L’approccio è gentile, non invadente, e la pretenziosità di cui il trio è ripetutamente accusato è un rischio calcolato con serenità, temperato dalla coscienza della transitorietà della musica popolare, da un carpe diem anti-individualista: “l’allegria quotidiana del vivere insieme” come dice Antunes. Marisa Monte ha più volte giustamente sottolineato questa atmosfera di intimità e complicità quasi fisica, paragonando l’album a un’ostia, una comunione creativa. Tutte cose che il dvd e lo show della Globo girato durante la registrazione mostrano con chiarezza ed empatia. In un certo senso Tribalistas è anche, paradossalmente, un non-manifesto che si atteggia con ironia a manifesto, una riaffermazione del valore della diversità culturale e il tramonto dell’idea di un “futuro con un cammino unico” (parole di Antunes), un progetto che non a caso trae linfa dall’inesausta spinta creativa del tropicalismo.

Nessuna aggressività perturbante quindi, nessuna rottura violenta con la tradizione. Se non fosse per il retrogusto iconoclasta di alcune liriche dell’ex-Titas (“L’amore è brutto /…/ sembra immondizia /…/ l’amore è sporco / ha odore di piscio”) e per alcuni (pochi) eccessi verbali chiaramente ascrivibili al baiano (“Mary Cristo/Mary Mary/Cristo Cristo/Mary Mary” giochino kitsch e ingenuamente sincretistico a metà strada tra Hare Krishna e Merry Christmas), si potrebbe parlare addirittura di conservatorismo musicale.
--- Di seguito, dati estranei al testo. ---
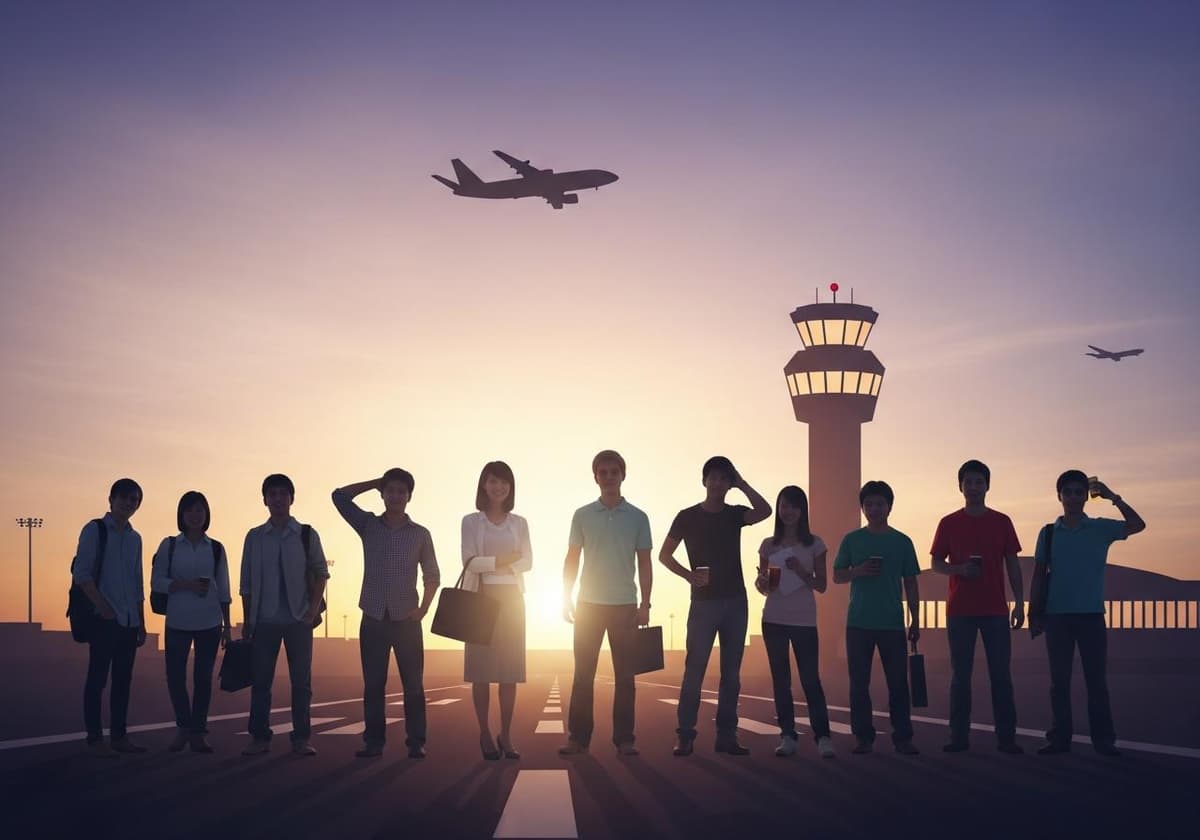 Affordable Days To Fly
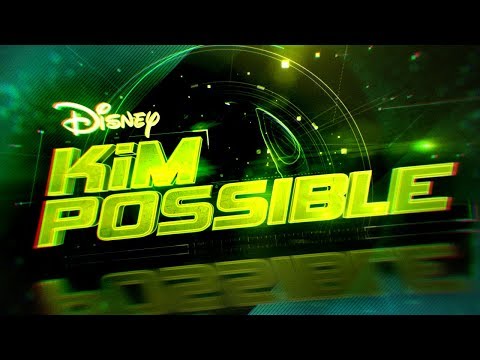 Teaser | Kim Possible | Disney Channel Original Movie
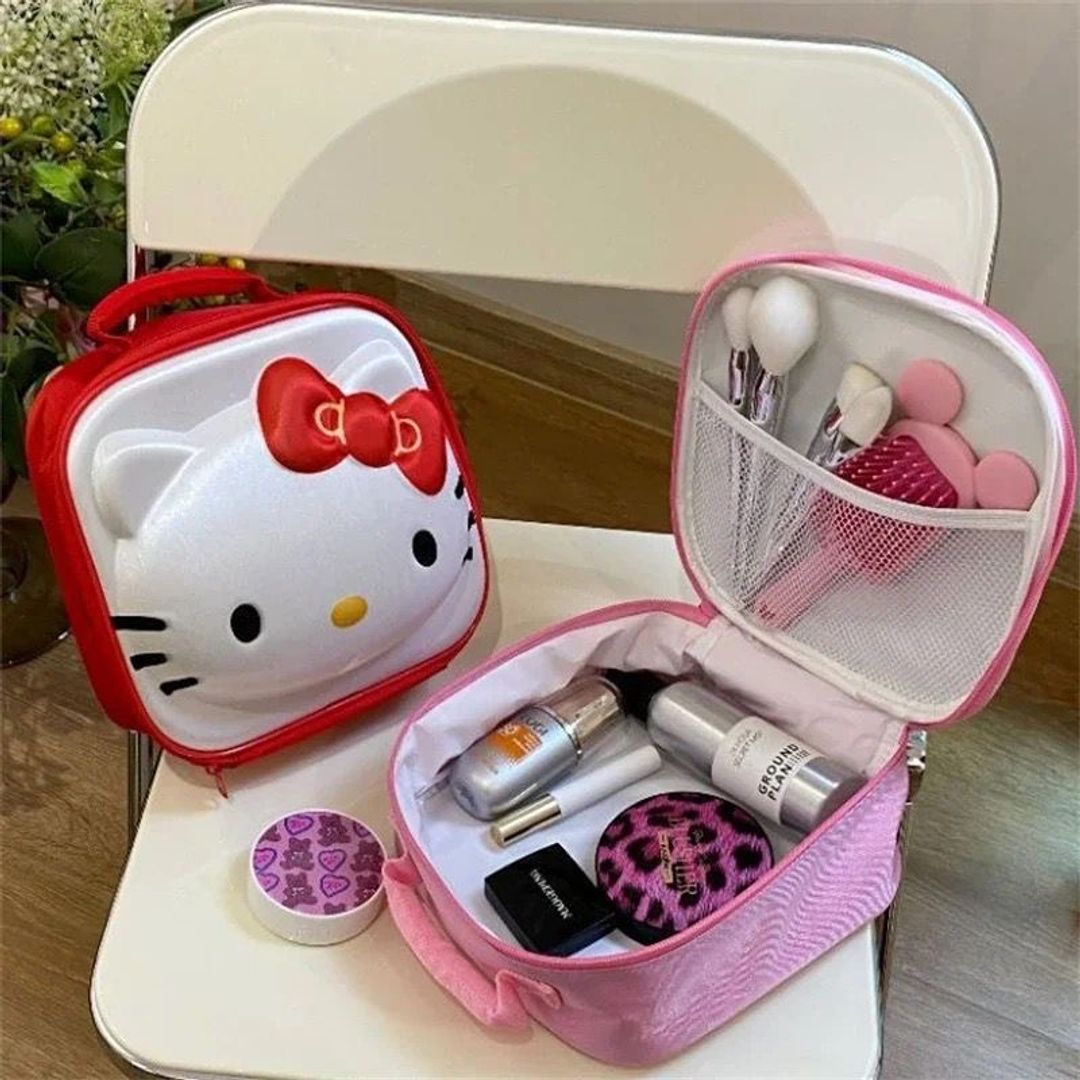 Neceser Sanrio 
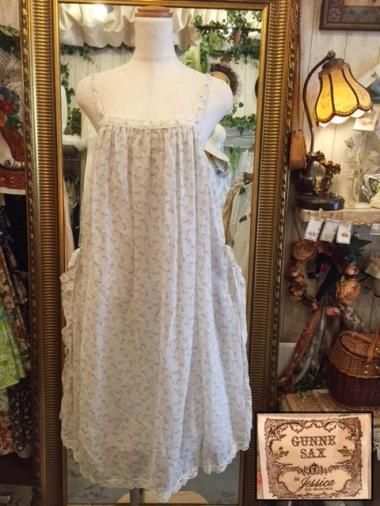 GUNNE SAX 70's ݥåդߥԡ Size:M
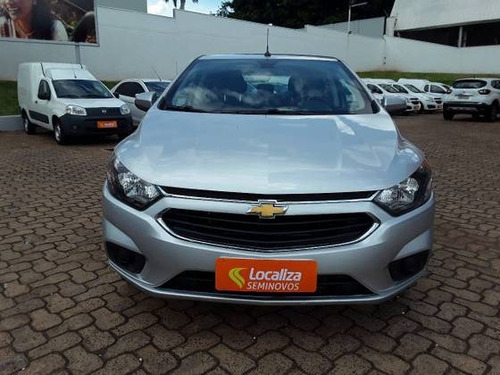 Imagem 4 de 10 de Chevrolet Prisma 1.4 Mpfi Lt 8v Flex 4p Manual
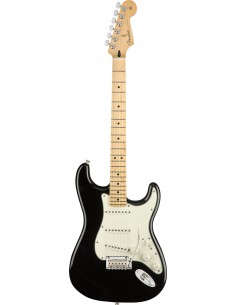 Fender Stratocaster Player... 2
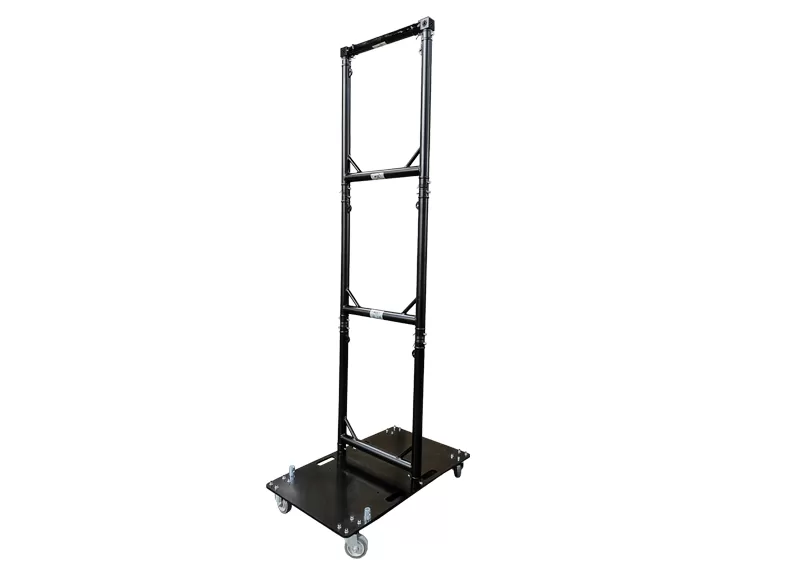 WTC C-Body Mobile Light Array Truss Aluminum Alloy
D’altronde, dopo una spasmodica attesa dei fan durata mesi, con poche notizie che filtravano centellinate dalla casa-studio di Marisa in cui si svolgevano le registrazioni, l’album può già vantare un hit radiofonico (la rockeggiante e orecchiabile “Ja sei Namorar”), un paio di remix e l’approvazione incondizionata di non pochi estimatori. Chi temeva l’effetto destabilizzante ed elitario del contributo di Antunes è dunque smentito, così come chi prevedeva un flop catastrofico nelle vendite.

Ma i veri passaggi chiave del disco sono altri, quelli appunto apertamente in omaggio della grande tradizione mpb, senza velleità di modernismo a tutti i costi: “Carnalismo”, una valsa dolcissima e quasi pixinguiana, “Pecado è lhe deixar de Molho”, una raffinata e malinconica bossa “misturada” con il samba-cançao, la sognante e velosiana “Là de longe”, la delicatezza  pop di “E’ Voce”. Collaborano con il trio, anch’essi con postura programmaticamente “low-profile”, Cezar Mendes alla chitarra, Dadi al piano, bandolim e altri strumenti, Alè Moraes come fonico e responsabile della discreta filtratura elettronica. Tutte luci e nessuna ombra dunque, a dispetto degli schiamazzi internettiani? Non proprio, ahimè. Le note stonate ci sono e piuttosto gravi. La prima è che un consistente numero di copie distribuite dalla EMI sono state stampate a partire da un master difettoso. Con il clamoroso risultato di contenere, al posto di “Velha Infancia”, “Anjo da Guarda” e “Ja sei Namorar”, una manciata di brani dal vivo degli ExaltaSamba. Il primo errore di queste dimensioni nella storia dell’industria discografica brasiliana. Potete immaginare lo sconcerto degli sfortunati acquirenti e i frizzi e i lazzi degli internetnauti più critici e sarcastici, che azzardano paragoni impietosi tra i due repertori eterogenei.

La seconda è invece più allarmante. “Tribalistas” è uno dei primi cd audio brasiliani con protezione anticopia, che la Emi ha recentemente messo a punto per combattere la pirateria. Con esiti disastrosi: qualunque pirata -anche il più sprovveduto- si fa beffe del software incorporato, mentre il povero acquirente (che ha sborsato una cifra molto alta per il mercato brasiliano) non puo’ convertire in mp3 sufficientemente ben campionati i brani pagati a caro prezzo, non può ascoltare l’album in alcuni lettori (ad esempio in una buona parte dei car stereo) e assiste impotente, quando inserisce il cd in un sistema Windows, all’autoinstallazione di un programma autonomo che lancia i brani senza chiedere alcuna autorizzazione. Un disastro insomma, sia sul piano pratico che sul piano delle questioni di principio (è giusto combattere la pirateria combattendo indiscriminatamente il formato mp3?). Da musicisti di questo livello, che fanno costantemente mostra di grande cultura e sensibilità artistica, politica e sociale, è lecito aspettarsi una maggiore consapevolezza su un tema del genere. E’ giusto pretendere un maggior rispetto per il consumatore.